**PROMPT:**
Print exactly the lines that run from the one containing "Heureuse femme mûre" to the final line of the data, both included, and print none of the pictures.

**EXERCISE DATA:**
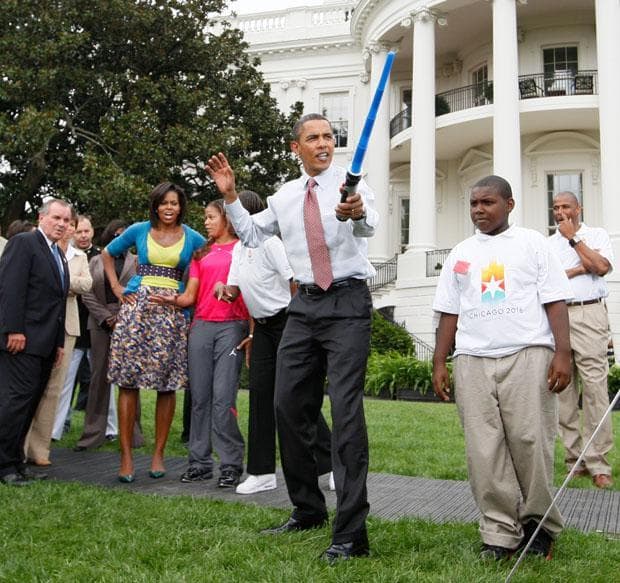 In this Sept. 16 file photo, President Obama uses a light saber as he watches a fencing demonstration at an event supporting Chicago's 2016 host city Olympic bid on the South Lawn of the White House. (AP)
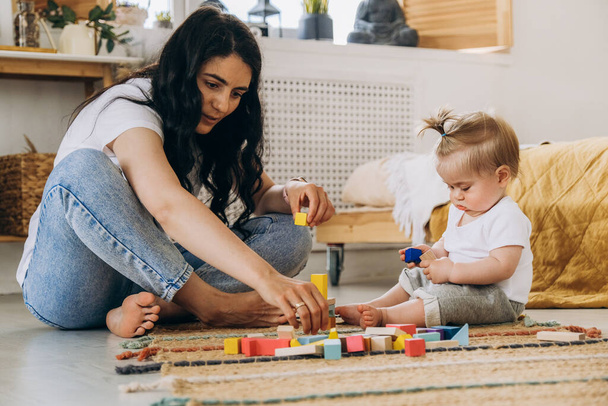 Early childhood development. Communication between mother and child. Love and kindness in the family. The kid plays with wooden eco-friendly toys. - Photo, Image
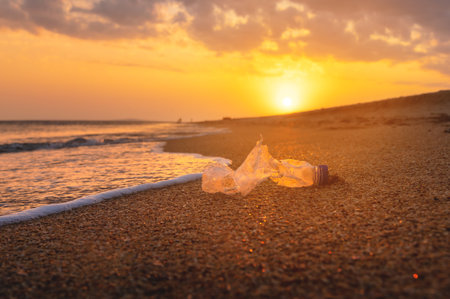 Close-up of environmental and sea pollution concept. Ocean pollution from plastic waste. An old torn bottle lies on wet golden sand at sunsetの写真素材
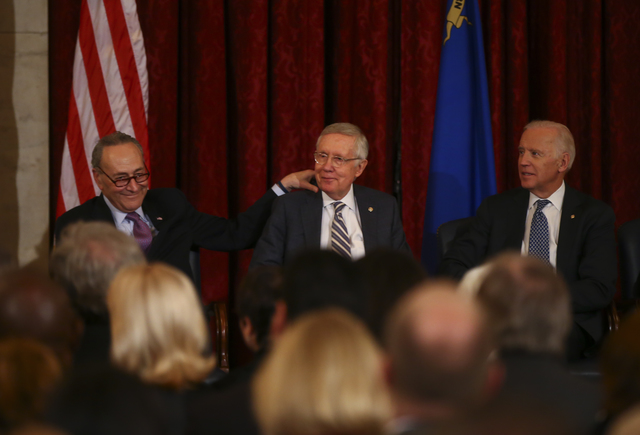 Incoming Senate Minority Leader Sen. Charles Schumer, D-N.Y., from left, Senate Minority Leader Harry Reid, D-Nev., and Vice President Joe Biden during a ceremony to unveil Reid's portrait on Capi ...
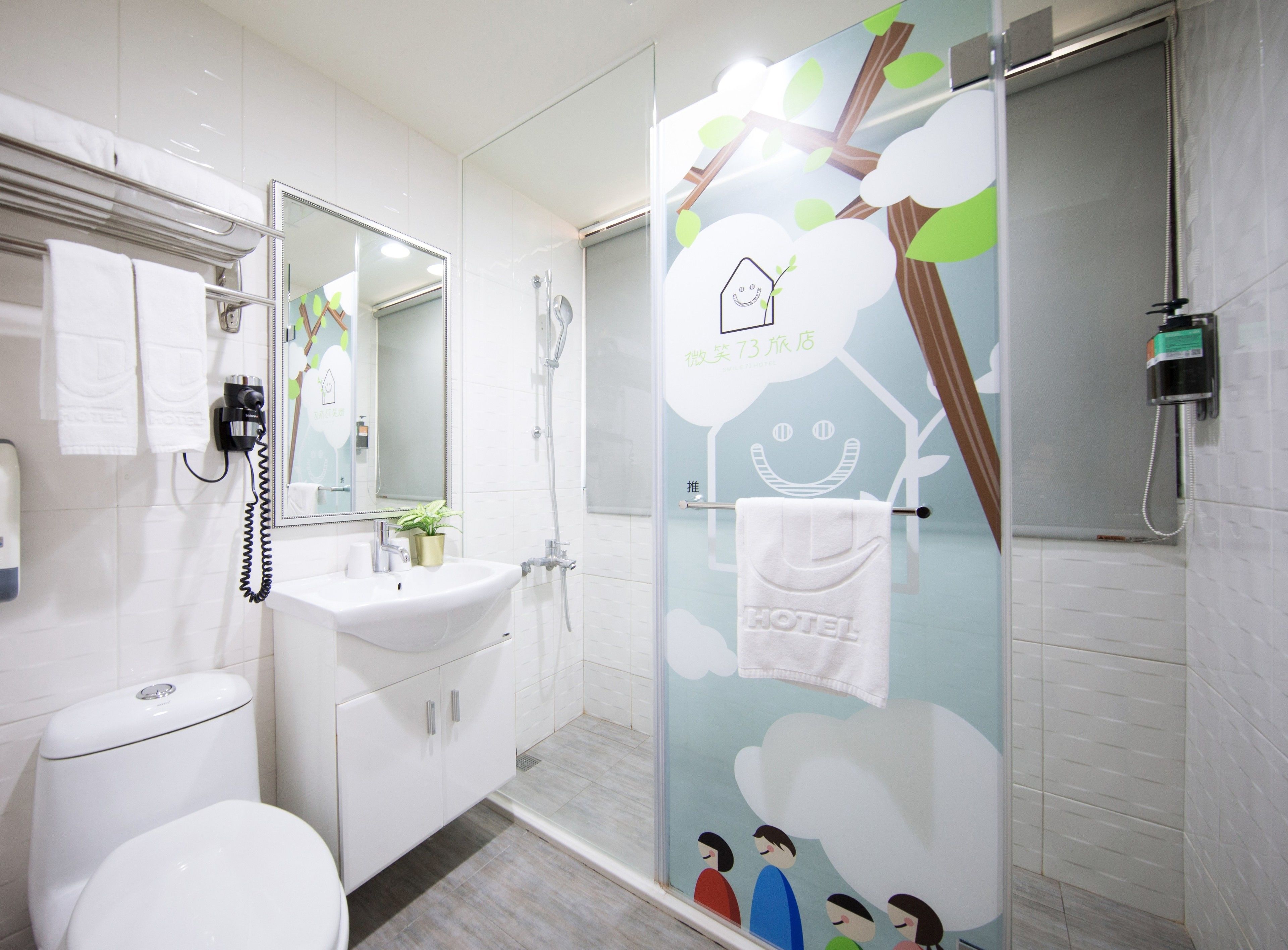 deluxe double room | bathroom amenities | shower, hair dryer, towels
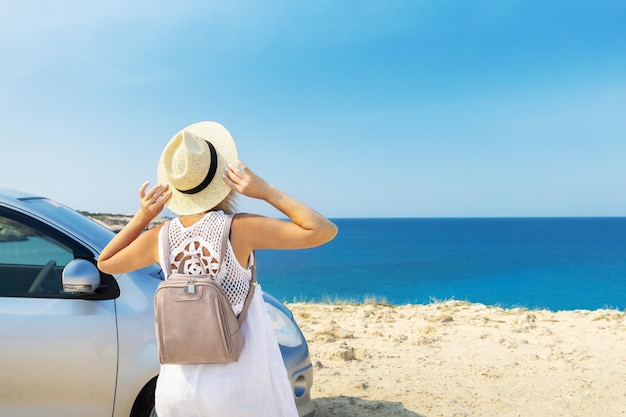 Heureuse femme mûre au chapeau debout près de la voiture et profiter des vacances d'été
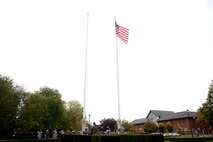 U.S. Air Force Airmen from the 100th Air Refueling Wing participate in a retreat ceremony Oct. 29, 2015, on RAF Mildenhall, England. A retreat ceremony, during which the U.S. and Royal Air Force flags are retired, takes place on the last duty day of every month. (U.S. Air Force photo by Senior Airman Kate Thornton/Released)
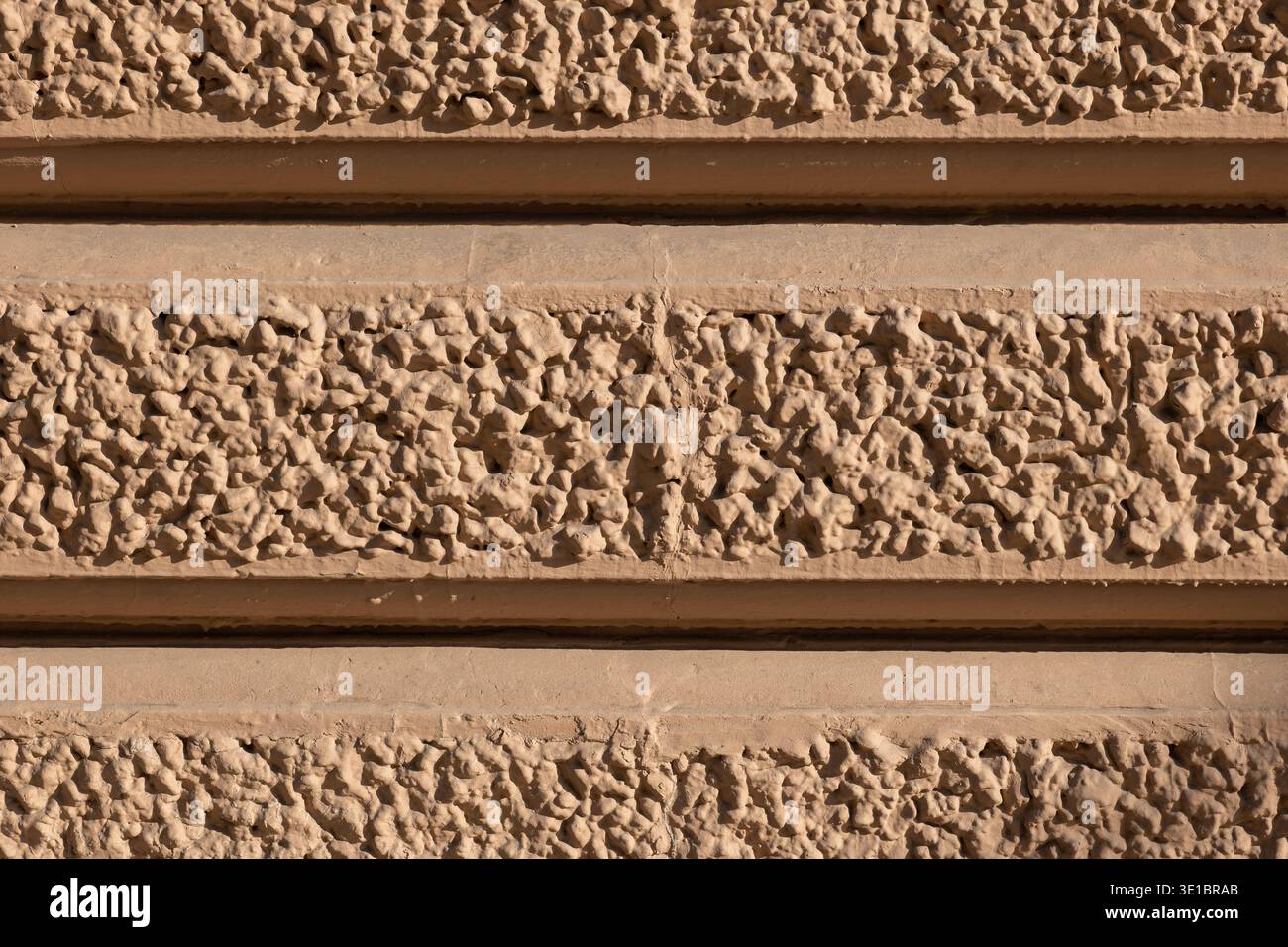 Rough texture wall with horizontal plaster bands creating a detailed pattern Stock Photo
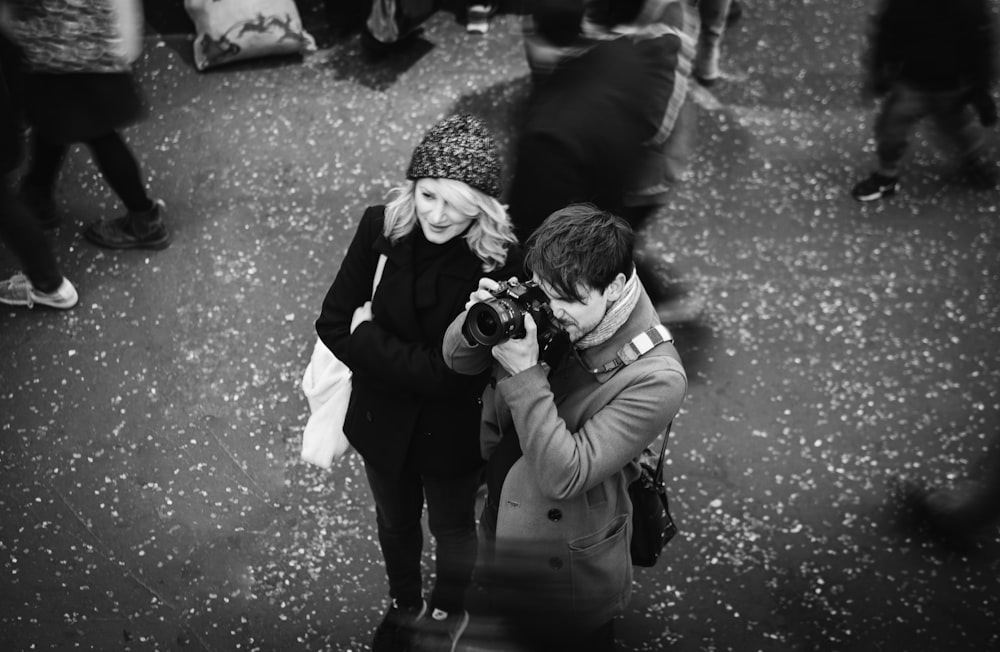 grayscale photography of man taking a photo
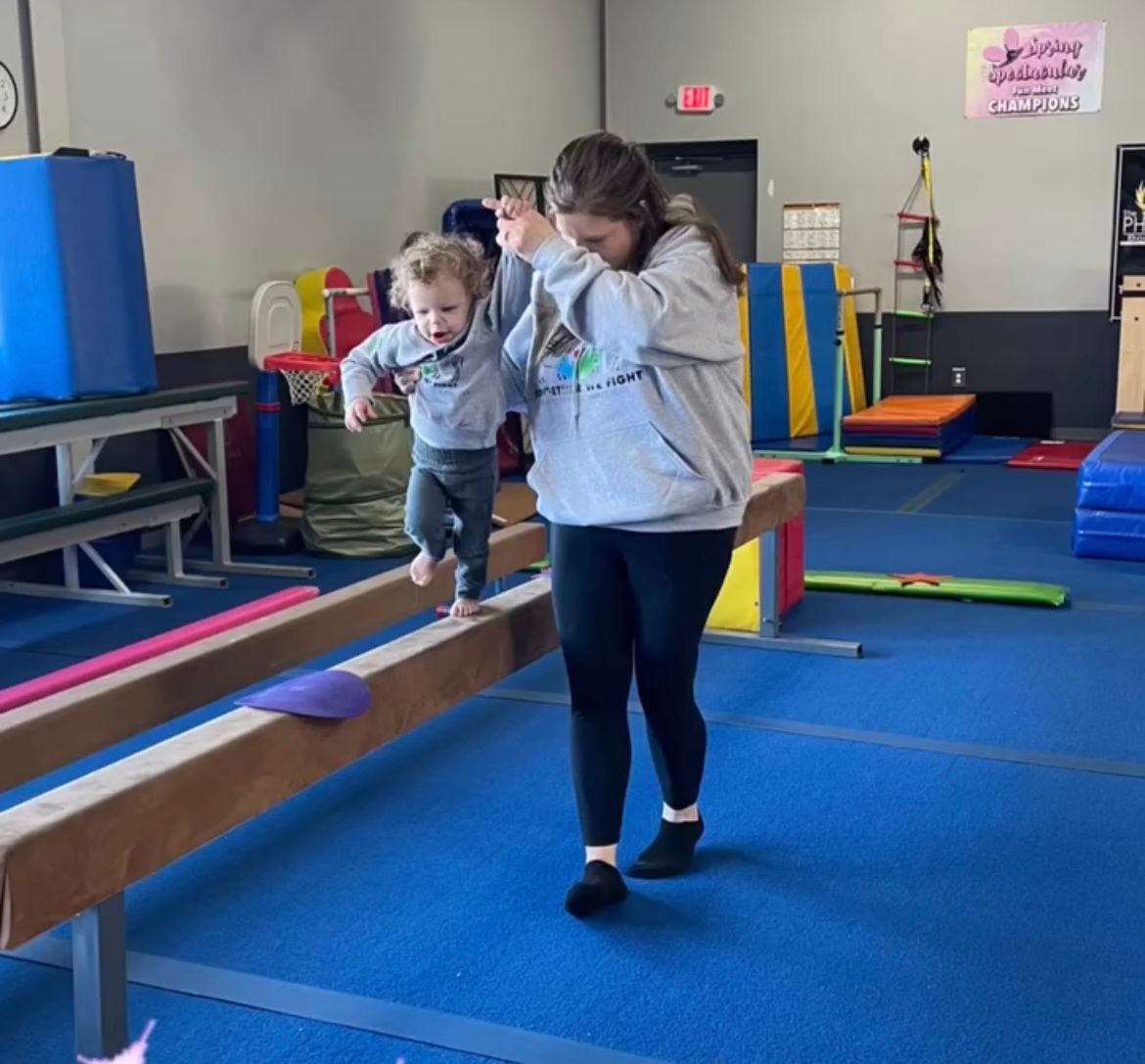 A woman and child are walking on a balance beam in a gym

**COMPLETED TASK:**
 Heureuse femme mûre au chapeau debout près de la voiture et profiter des vacances d'été
 U.S. Air Force Airmen from the 100th Air Refueling Wing participate in a retreat ceremony Oct. 29, 2015, on RAF Mildenhall, England. A retreat ceremony, during which the U.S. and Royal Air Force flags are retired, takes place on the last duty day of every month. (U.S. Air Force photo by Senior Airman Kate Thornton/Released)
 Rough texture wall with horizontal plaster bands creating a detailed pattern Stock Photo
 grayscale photography of man taking a photo
 A woman and child are walking on a balance beam in a gym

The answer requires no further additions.